Aghios Lazaros, Larnaca |
Il
castello-fortezza di epoca ottomana prospiciente il mare è ben conservato anche
se non spettacolare come quello che vedrò a Lemesos, la spiaggia e il mare sono
mondi di plastiche e affini. La più bella immagine di Larnaca è però notturna:
la chiesa bizantina di Aghios Lazaros illuminata dai riflettori è una visione
dorata in fondo a una piazza buia e sembra quasi sospesa a mezz’aria, irreale e
perfetta, armonica nelle proporzioni nonostante le demolizioni e i rifacimenti
attraverso i secoli, compresa la transizione passeggera a moschea.
In compenso
il lungomare è una parata di orrori: Mac Donald, Burger King, spocchiosi
alberghi, ristoranti e bar poco accoglienti con prezzi gonfiati, e un via vai
continuo di turisti doc in calzoncini e cappelloni. La spiaggia è irta di
ombrelloni con relativi lettini fino alla striscia sottile di sabbia davanti al
castello, finalmente libera da ostruzioni e aperta ai non paganti.
Lemesos, interno castello |
Sulla costa
più a ovest, Lemesos ha un bel centro storico e un castello con probabili
origini bizantine; l’attuale imponente fortezza, trasformata in un ricco e
originale museo medievale, è stata ricostruita dagli Ottomani. In mostra preziose
ceramiche dai colori pastello di epoca crociata nella cornice di una architettura
interna molto movimentata, tra arcate e cunicoli, scale strette e ripide a
chiocciola, corridoi tappezzati di lapidi e pietre tombali o visi di pietra, a
volte stranamente sfregiati. Tra le curiosità sono esibite delle granate a mano
di terracotta, di provenienza sconosciuta e non datate.
Granate di terracotta |
Purtroppo è
stato creato recentemente, con grande dispendio di fondi, un nuovo porto
turistico con relativa zona di boutiques e uffici di società immobiliari, un
mega-progetto battezzato La Marina
dai developers, concepito
dall’architetto francese Xavier Bohl.
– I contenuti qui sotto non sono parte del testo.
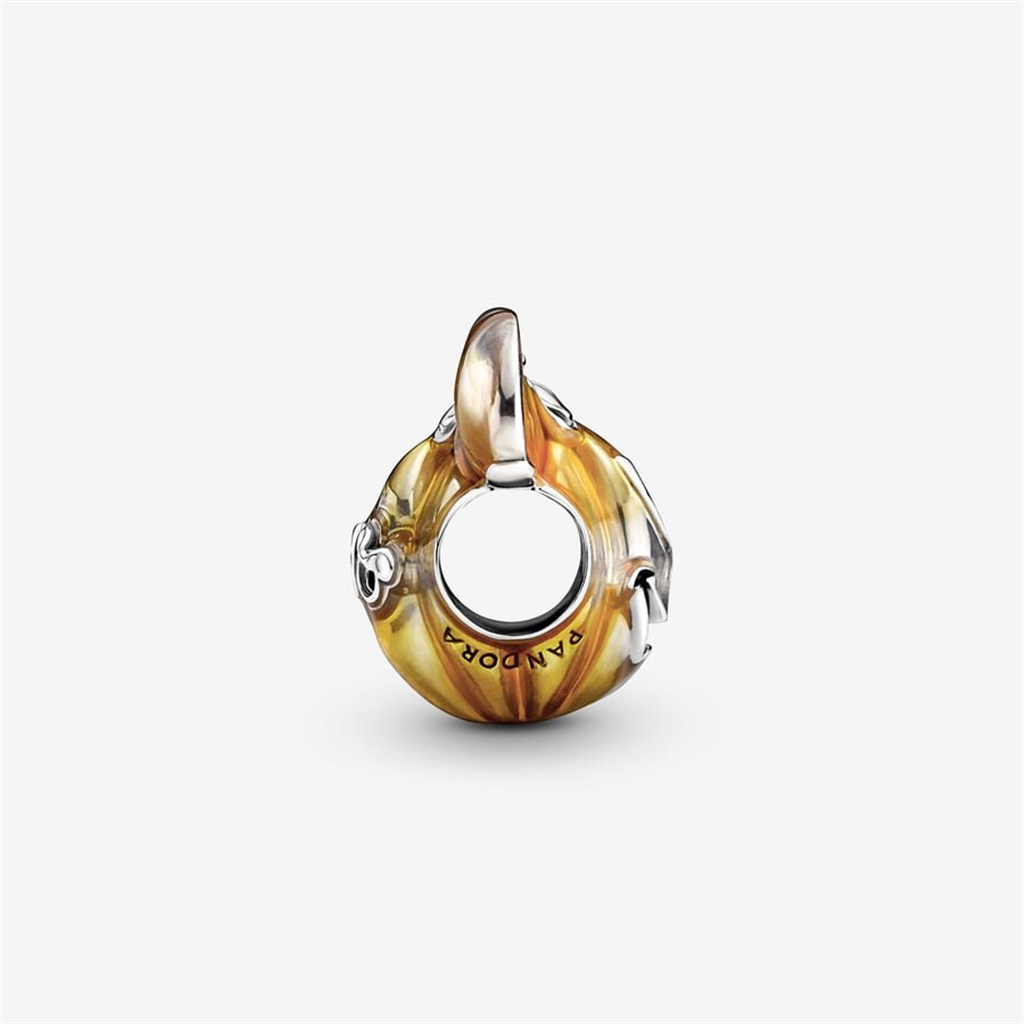 Pandora Disney Mickey Mouse Pumpkin Charm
Giganteschi cartelloni esibiscono
ireniche visioni di isolette edilizie azzurrine dove danarosi pensionati e
giovani leoni potranno godersela tra piscine saune giardini in penta o esa-stellati
hotel di venti piani … immagini che fanno a pugni con il vicino centro storico
di stradine, antiche chiese e case a due piani. Notevole spudoratezza falso-avveniristica.
Mi viene in mente Bastia in Corsica, dove la distanza tra porto antico e nuovo
porto commerciale smussa completamente ogni possibilità di cacofonia visiva.
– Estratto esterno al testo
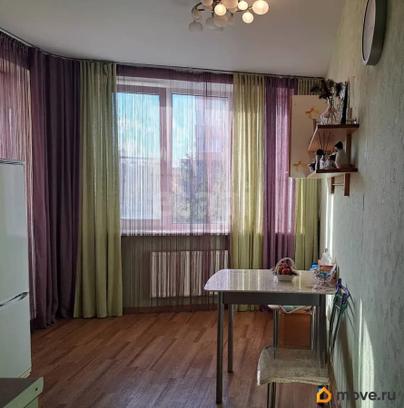 1-комн. квартира, 39.3 м&sup2;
Speculazione edilizia a Lemesos (cartellone pubblicitario) |
La mia sosta
successiva è Paphos, con due estese aree archeologiche ambedue affascinanti
affacciate sul mare e addossate a rocce di arenaria. La prima è giusto a fianco
del piazzale della stazione autobus e vanta magnifici mosaici appena sfocati
dal tempo nella cosiddetta Dimora di Dioniso e nella Villa di Teseo, un teatro
ellenistico-romano, l’Odeion, ben
restaurato, e una fortezza medievale diroccata, oltre ad altre numerose e scenografiche
rovine.
Mosaico a Paphos |
Un faro bianchissimo svetta vicino al teatro. Parte dell’incanto del luogo, nonostante il
sole a picco e le distanze da percorrere, lo si deve al contesto di terra
riarsa cosparsa di radi arbusti e cespugli, con il mare che respira vicino. Si
continua a camminare sui polverosi tracciati tra erbe secche e macchie di fiori
azzurrognoli, aria cristallina e cielo terso, e non si vorrebbe più uscire dal
magico cerchio luminoso che racchiude l’area. Stessa sensazione il giorno successivo
durante la visita alle cosiddette tombe dei re, tutte ipogee: tempo fatto
pietra sotto un sole ardente tra “le antiche mani dell’arenaria[1]”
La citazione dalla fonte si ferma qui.